Items from a dataset
++++++++++
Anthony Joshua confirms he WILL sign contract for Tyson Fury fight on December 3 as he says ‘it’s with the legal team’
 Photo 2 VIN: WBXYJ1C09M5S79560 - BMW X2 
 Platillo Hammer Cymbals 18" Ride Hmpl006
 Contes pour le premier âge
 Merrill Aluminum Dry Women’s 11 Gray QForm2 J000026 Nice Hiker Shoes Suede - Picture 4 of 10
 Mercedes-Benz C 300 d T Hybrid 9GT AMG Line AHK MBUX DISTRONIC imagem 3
++++++++++
▶ TASK STATEMENT
Repeat, without change, each line of the data above from the one that contains "Contes pour le premier âge" through the final line, counting both.

▶ ANSWER TO THE EXERCISE
 Contes pour le premier âge
 Merrill Aluminum Dry Women’s 11 Gray QForm2 J000026 Nice Hiker Shoes Suede - Picture 4 of 10
 Mercedes-Benz C 300 d T Hybrid 9GT AMG Line AHK MBUX DISTRONIC imagem 3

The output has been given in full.